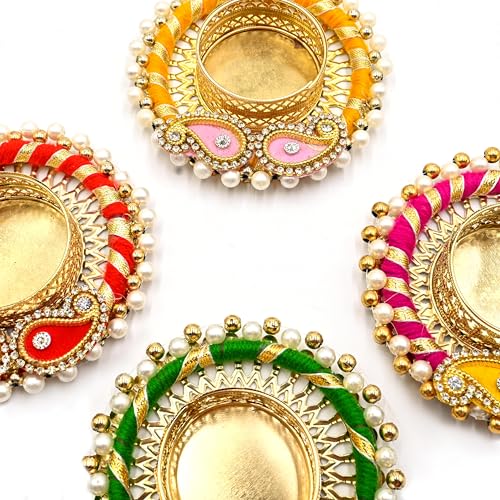 8 Pcs Iron Diwali Tea Light Candle Holders Set - Leaves Design, Religious Festival Decor Variation of THIS listing 8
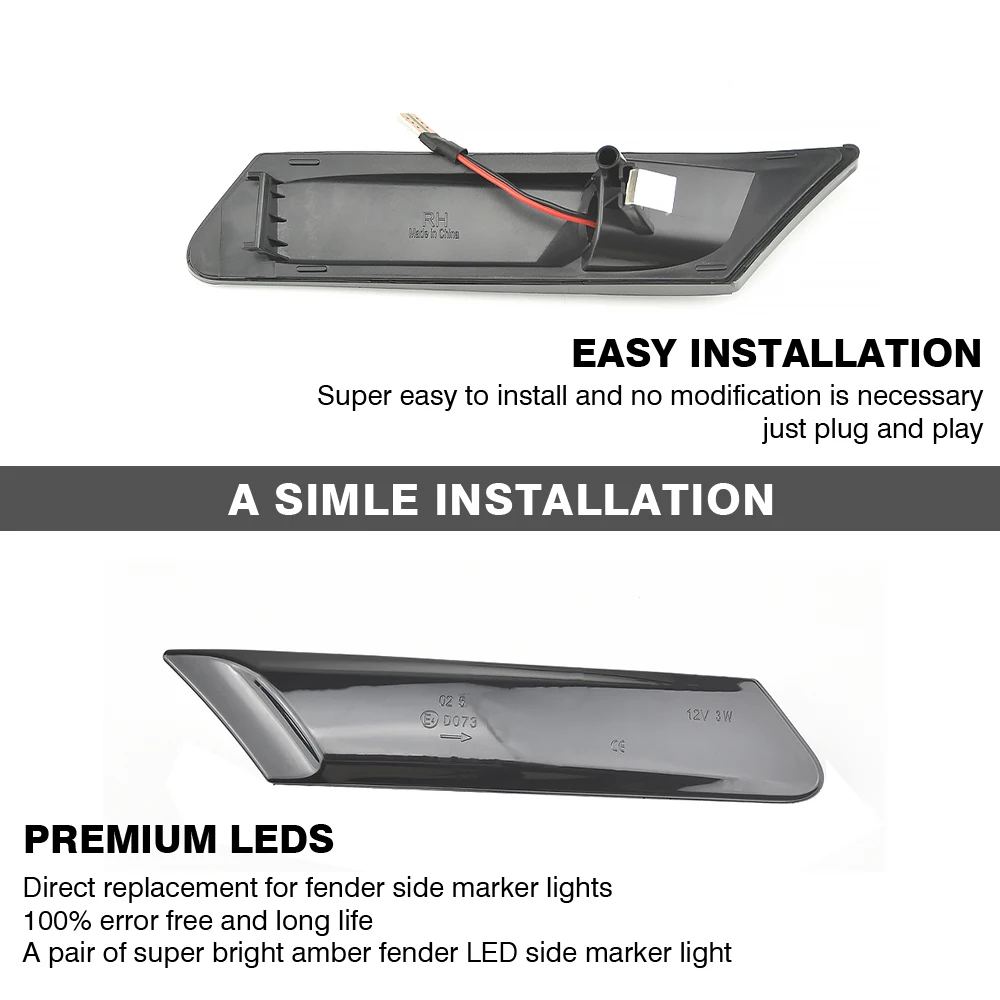 LED Side Fender Dynamic Turn Signal Light for Porsche 997 911 Carrera Turbo Cayman Boxster 987 Vehicle Side Indicator Lights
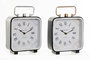 DKD Home Decor Reloj Sobremesa Chic 7 x 27 x 19 cm Hierro Cristal Negro Azul Blanco 2 Unidades
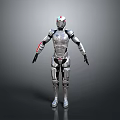 Silver Robot Character With Metallic Armor Helmet And Full Body Design 3d model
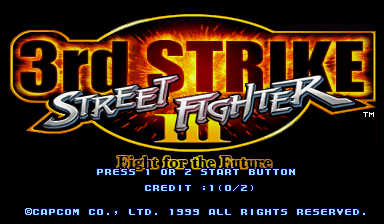 Street Fighter III 3rd Strike: Fight for the Future (USA 990608) Title Screen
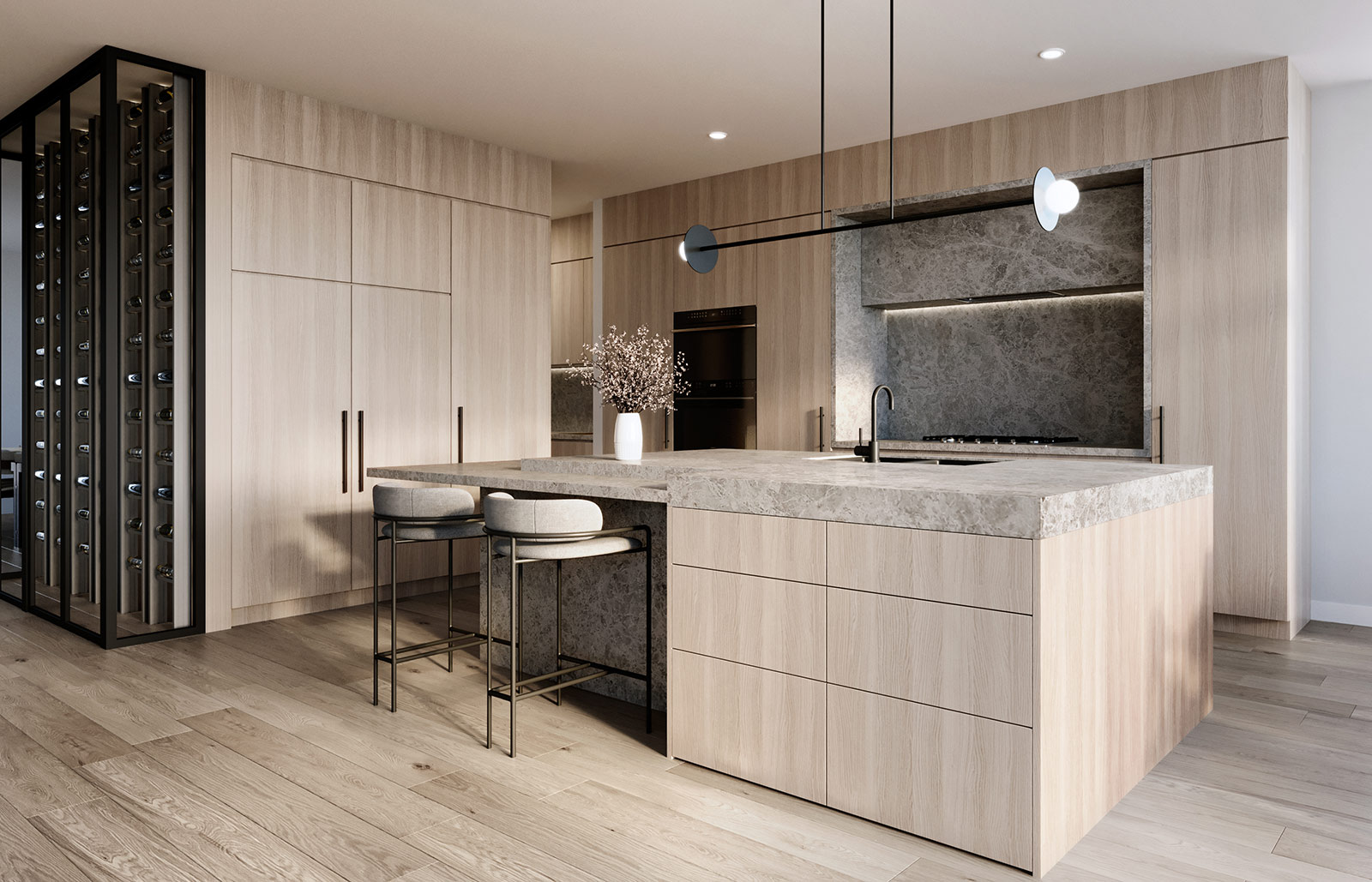 3D Render of modern timber kitchen featuring stone island integrated wine cellar light wood cabinetry pendant lighting and contemporary luxury interior design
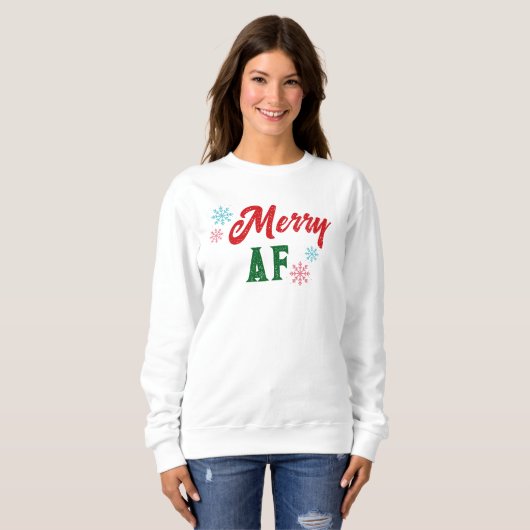 Merry AF Sassy Cool Typography Christmas Trui (Voorkant volledig)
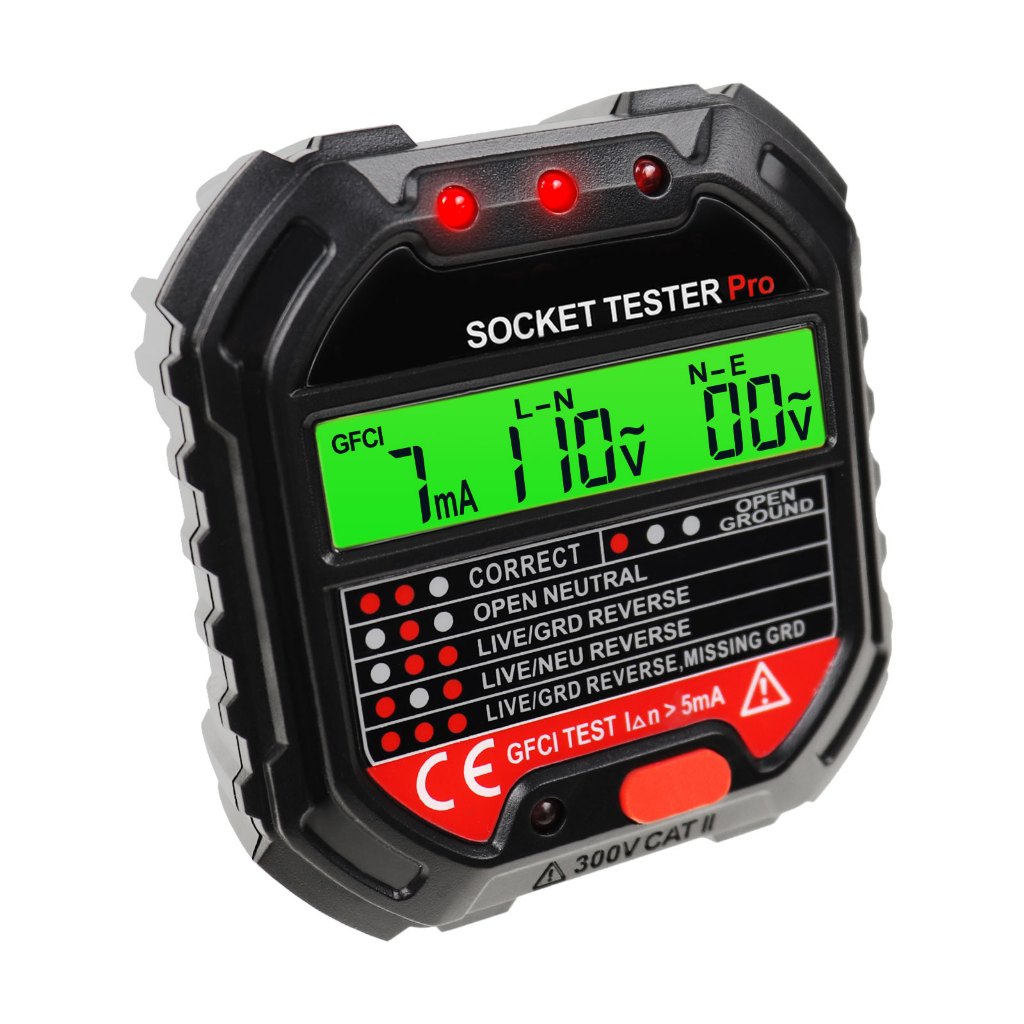 Socket Tester Receptacle Detector with Red Light Test Result Indicator ...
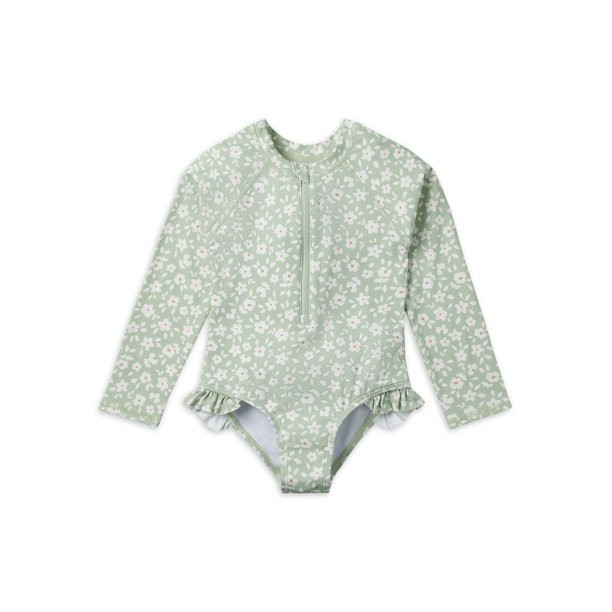 Modern Moments by Gerber Baby and Toddler Girls Long Sleeve Rash Guard Swimsuit with UPF 50+, Siz... | Walmart (US)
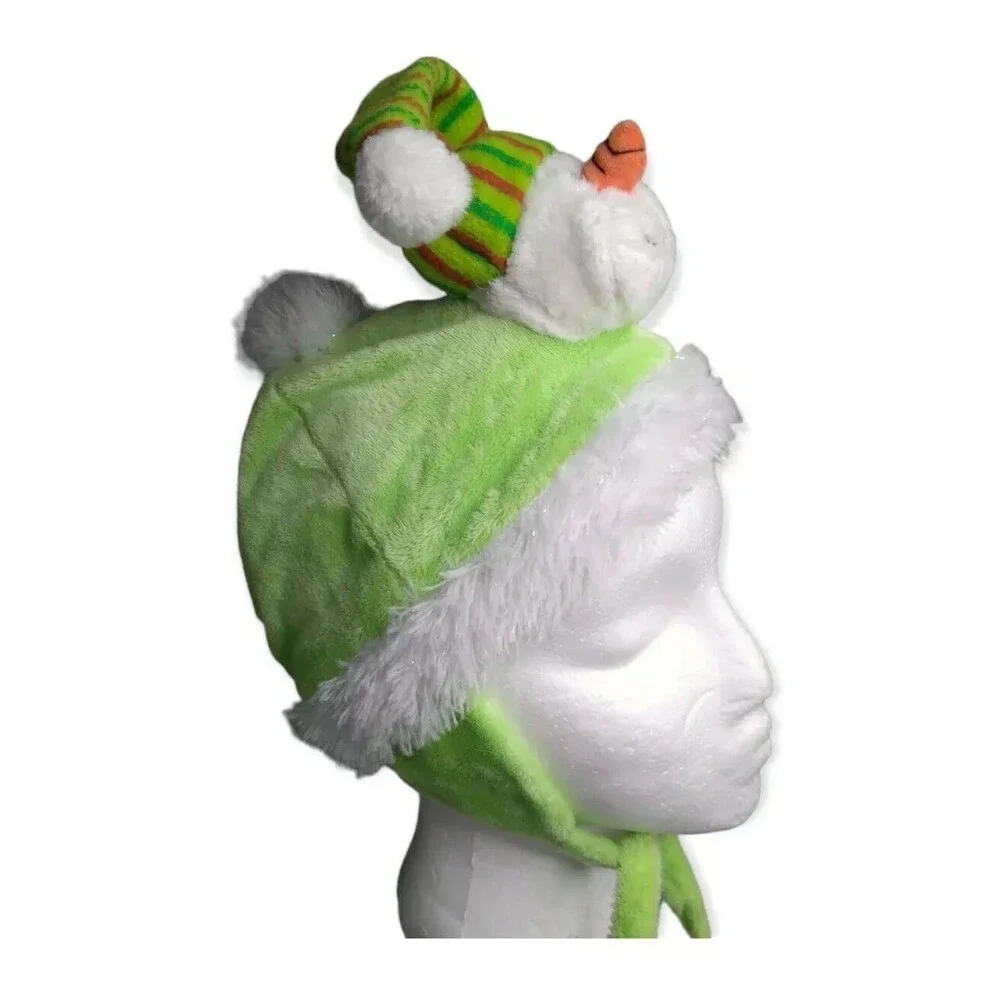 Ganz Snowman Scarf Set Hat Neck Cozy Cuties Green Kids Winter Cap Headwear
■ ■ ■ ■
Please repeat the lines above from the line containing "Street Fighter III" through the final line, both included, exactly as they stand and without pictures.

 Street Fighter III 3rd Strike: Fight for the Future (USA 990608) Title Screen
 3D Render of modern timber kitchen featuring stone island integrated wine cellar light wood cabinetry pendant lighting and contemporary luxury interior design
 Merry AF Sassy Cool Typography Christmas Trui (Voorkant volledig)
 Socket Tester Receptacle Detector with Red Light Test Result Indicator ...
 Modern Moments by Gerber Baby and Toddler Girls Long Sleeve Rash Guard Swimsuit with UPF 50+, Siz... | Walmart (US)
 Ganz Snowman Scarf Set Hat Neck Cozy Cuties Green Kids Winter Cap Headwear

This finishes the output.